Bruce Nauman, Dance or Exercise on the Perimeter of a Square, 1967-68
‘If I was an artist and I was in the studio, then whatever I was doing in the studio must be art.’ – Bruce Nauman in conversation with Ian Wallace and Russell Keziere, Vanguard, Vol. 8 #1, 1979
In the late 1960s and the 1970s, when moving image was making its way into the gallery in a big way as 16mm film started to be replaced by video, they often took a pretty descriptive approach to titling work. Bruce Nauman’s film and video works of that period – a number of which are on show in the North Gallery of White Cube Bermondsey at the moment as part of the Inside the White Cube programme – are simply made and descriptively titled and driven by Nauman’s assertion that as an artist, everything he made in the studio must surely be art; an argument that works well enough for Nauman himself but one which is immediately undermined by the collection of Damien Hirst paintings on display here in the South Galleries, which I wrote about yesterday.
Walking in an Exaggerated Manner around the Perimeter of a Square, 1967-68
In each of these works – some shown on monitors, others projected – Nauman is engaged in making a simple, repeated action in front of a static camera.

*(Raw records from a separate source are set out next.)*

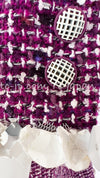 CHANEL 09S Purple Cotton Wool Tweed Sequin Trim Coat 44 46 シャネル パープル コットン ウール ツイード スパンコール トリム コート 即発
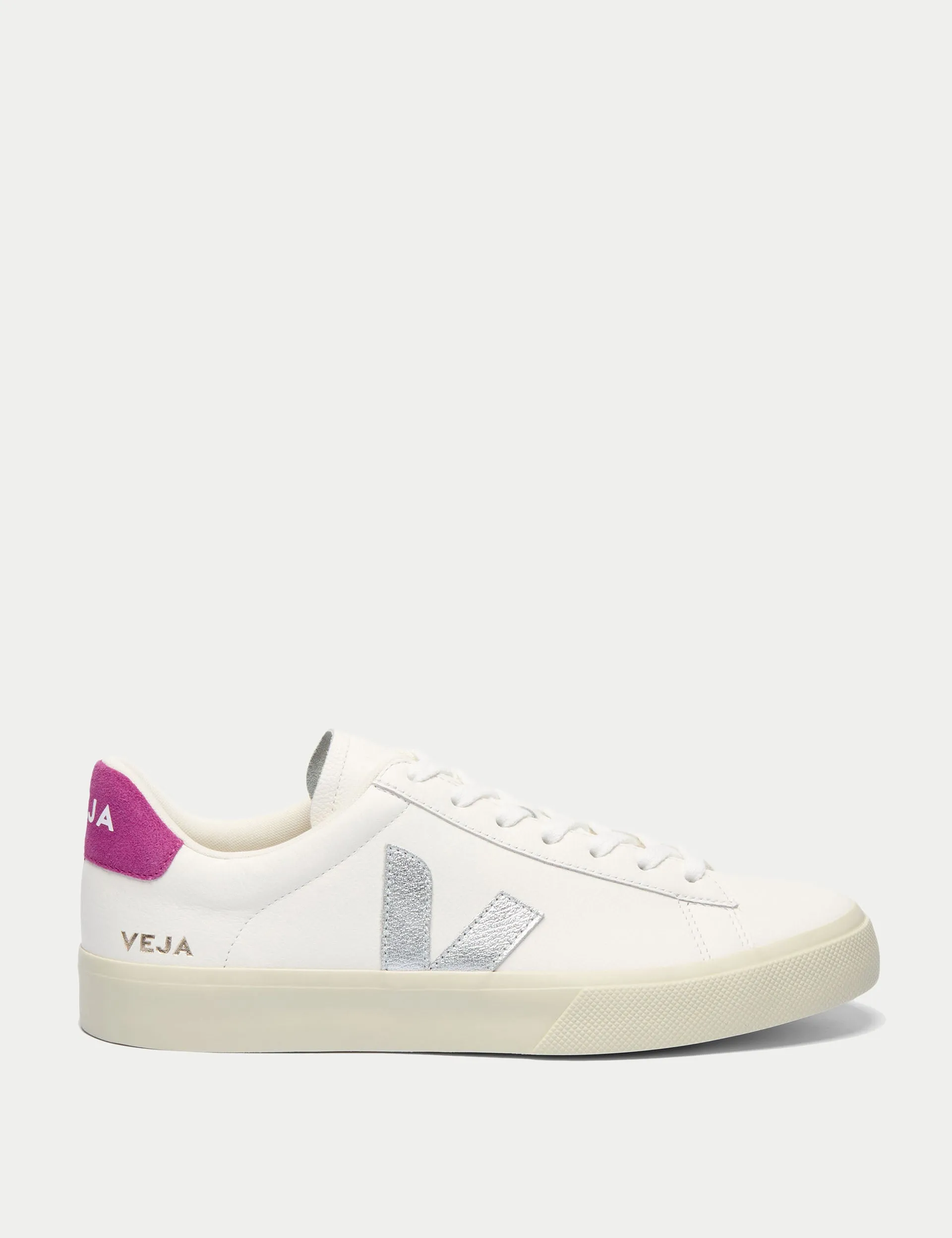 Casual Support Logo Bold Campo Leather - White Silver Ultraviolet
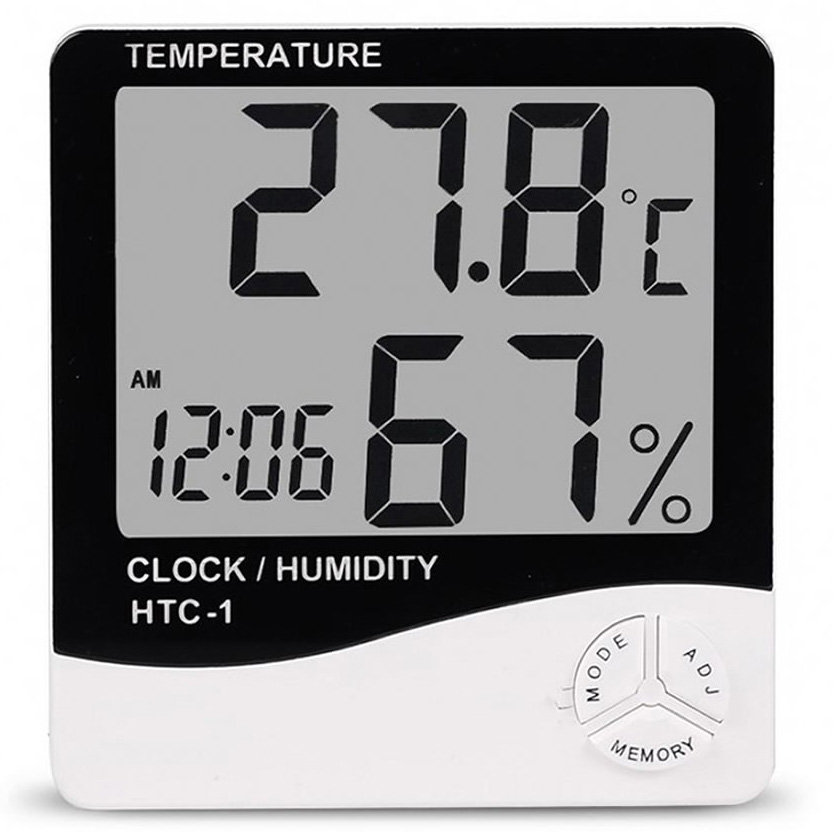 HTC-1 Digital Hygrometer Temperature htc1 Meter Termometer Room Thermometer  Clock Alarm Jam | Lazada Indonesia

Given the way the world of moving image has changed in the last forty years – both in terms of artists’ film and narrative cinema – our understanding of film-based art is very different now. We can immediately decode sophisticated visual effects and understand the ways in which these affect our response to what we are watching. Watching Nauman’s early films and video pieces now, it’s hard not to be charmed by the combination of conceptual earnestness and frivolity that drives the works.

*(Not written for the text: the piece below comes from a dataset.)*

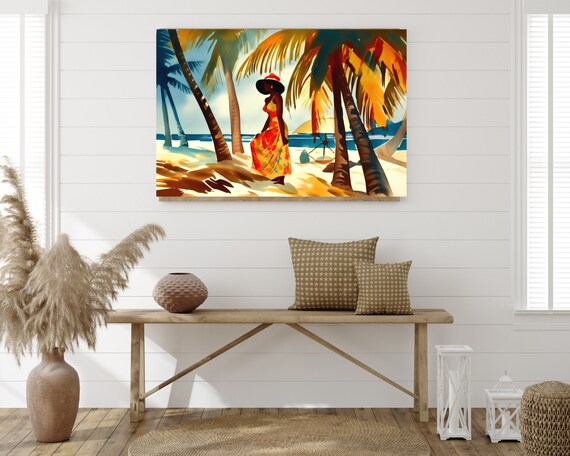 Caribbean Art of Lady in Orange Dress on Beach Poster Print, West Indies,  Beach Art, Tropical, Coastal Wall Art for Living Room, Office 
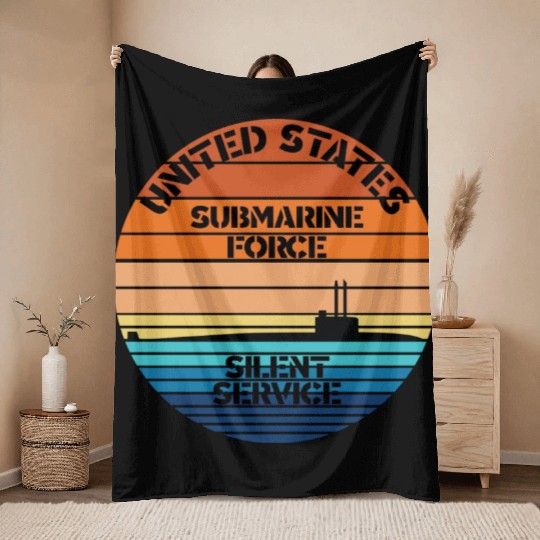Sunset Us Submarine Force Silent Service Throw Blankets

In terms of the White Cube show and its timing to coincide with Hirst, two things interested me in particular. Firstly, as already noted, the disparity between Nauman’s understanding of his practice as automatically art – which I’m all too happy to concur with until faced with the awful reality of the cheesiness and poor artistry of Hirst’s paintings – and secondly the approach to titling.

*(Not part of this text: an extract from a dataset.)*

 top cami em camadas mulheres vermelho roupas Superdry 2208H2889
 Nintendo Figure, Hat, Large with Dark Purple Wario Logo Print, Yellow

Bouncing Two Balls between Floor and Ceiling with Changing Rhythms, 1967-68
In each of these works, Nauman uses the title to describe the action taken in the studio when making the work. These are highly experimental works by an artist at the start of his career set on exploring both the media available to him and his own ideas about the possibilities of the body, performance, repetitive gesture and, I suppose, ultimately, the human condition. Hirst’s titles list the subject matter in a way which is somewhat similar although he is – perhaps predictably – less rigorous. Nauman’s approach is of its time – plenty of other conceptual artists of the 1960s and 70s adopted similar strategies – Hirst’s seems strangely at odds with his other works and somehow seems to add to the sense that, however much he thinks he wants to paint and feels that it’s a medium in which he has something to say, ultimately he can’t help himself: lacking the determination to master the medium, he’s phoning it in.